A number of participants describe experiences at biomedical facilities where they are never attended to by biomedical staff, despite waiting for many hours—sometimes spending the entire day without receiving medical attention. These hours spent waiting come at the expense of childcare, household duties and income-generating activities. One man describes his experience seeking biomedical care for a toothache as follows:
I went to the referral hospital and spent there the whole day without treatment. The following morning, when I went back, I was given only Panadol [Acetaminophen]. I felt so sad. (Biomedical patient, male)
Another patient states that he gave up after waiting all day for a voluntary circumcision procedure:
You reach there and sit for the whole day without treatment. Drugs are never there and health workers do not attend to patients as it should be. They arrive at work late and leave work early. They are really bad. I went [to the clinic] one time for circumcision and sat there for many hours until I got hungry and gave up. I left without seeing any doctor. (Bonesetter patient, male)
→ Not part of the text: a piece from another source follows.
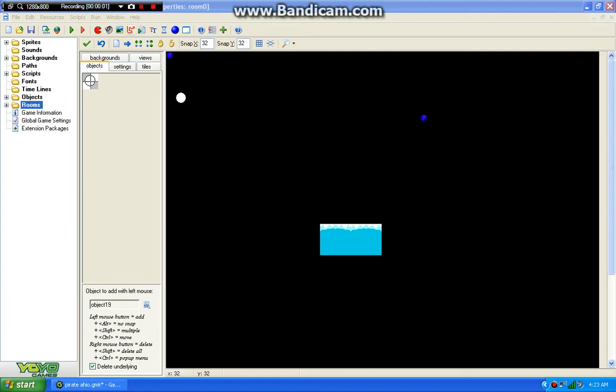Hello, today I will be demonstrating how to make a working skybox in GameMaker version 8. This works for 6 and up as well, and you need the registered version to do this.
Biomedicine uses modern technologies to heal
Participants state that biomedical care is preferred in instances where modern technologies can be used to provide a diagnosis for one’s symptoms, and guide treatment. Through blood and radiological tests, healthcare providers can identify the specific cause of a patient’s illness, and provide appropriate care. Patients perceive that the information generated by biomedical technology validates the therapies administered to them:
They use machines to diagnose and test for conditions. The give the right medical information. (Biomedical patient, male).
Having received a specific diagnosis, participants also believe that the treatment recommended by healthcare workers will be effective in alleviating their symptoms. For example, one participant described how appropriate medicines have the capacity to heal, even if taken in small amounts:
When you come [to the clinic] you get diagnosed and they write for you a prescription and you get the medicine then their service is good … Even if you get very little medicine from them and take it, you get healed. (Biomedical patient, female)
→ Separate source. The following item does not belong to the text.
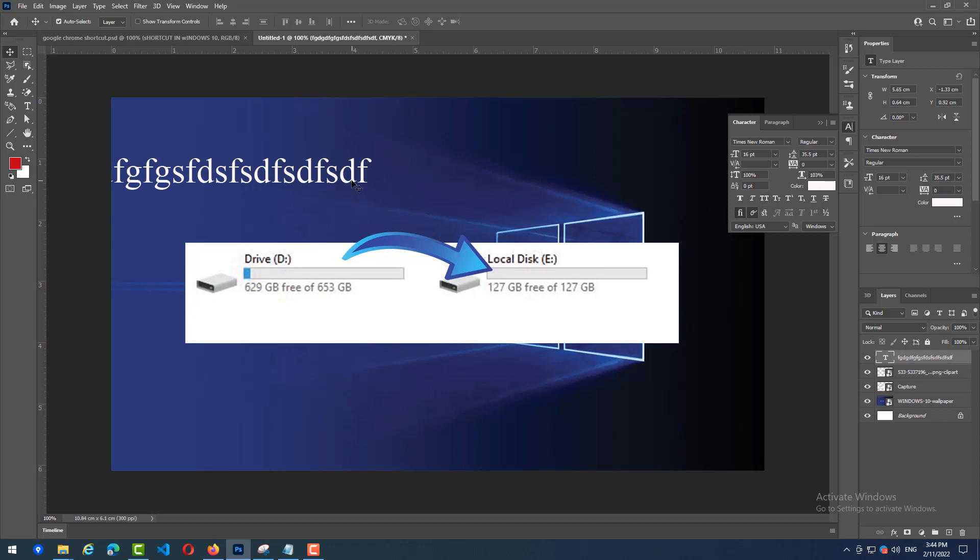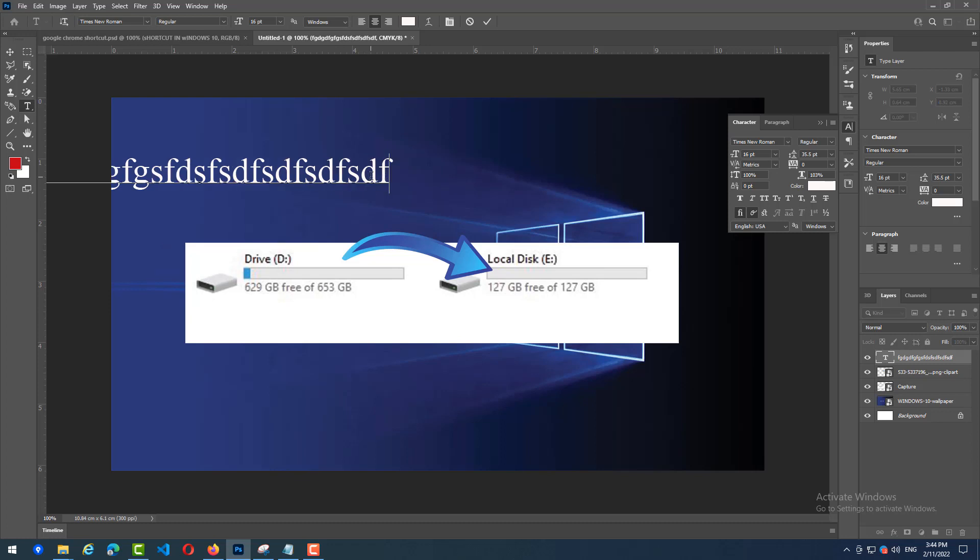So, you can see here. Like, I write it again. Okay, that's fine for me.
Another patient explains why the capacity to intervene with modern biomedical technology is more effective in treating symptoms than traditional medicine:
Biomedical facilities are good … when you are, for instance, in a critical condition, they can put you on life support machines, or they can put you on a drip. They can also give you tablets and injections that can help you. Traditional healers can’t manage something like that. They don’t have modern equipment. They don’t have tablets, and they don’t have drips and injections. (Bonesetter patient, male)
Results from biomedical testing guide what some participants describe as ‘proper’, effective treatment, compared with traditional healing where therapies are provided in the absence of any diagnostic testing:
[Biomedical facilities] diagnose you and inform you of the ailment that you are suffering from, and at times inform you that your health is okay … When you visit biomedical health facilities they diagnose you and inform you of your results and in case you are HIV positive, you can start on medicine … [Traditional healers] don’t have equipment to diagnose, so how do they diagnose for conditions? … I don’t trust them. (Biomedical patient, Female)
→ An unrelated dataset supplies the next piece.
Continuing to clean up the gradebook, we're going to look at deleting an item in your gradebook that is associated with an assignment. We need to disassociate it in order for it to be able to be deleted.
While biomedicine is favoured for its use of diagnostic technologies, other participants describe preference for traditional healing specifically because these approaches could enable avoidance of biomedical procedures, which participants describe as ‘unnecessary’ and having high morbidity and mortality. Participants state that an advantage of traditional healing is that it supports the body to heal ‘naturally’, rather requiring modern, invasive interventions. Participants report seeking traditional care after having been told by biomedical providers that they would require an operation in order to recover. Those who ultimately healed after receiving traditional care declared that biomedical providers rush to use modern technologies, instead of allowing the body to heal on its own. One patient describes his experience receiving care from a bonesetter, after suffering severe extremity fractures after falling from a motorcycle:
[The hospital staff] told me that the doctors will cut off my leg because it was badly injured and that there was no way they could fix it … When we reached [this healer], they told me that the bone that joins the knee was broken but promised that since I was in that place, in two to three weeks, I will be able to walk again. They then aligned my leg and started the treatment … I am now getting better. If I had remained at the hospital, I know my leg would have been cut off by now. (Bonesetter patient, male)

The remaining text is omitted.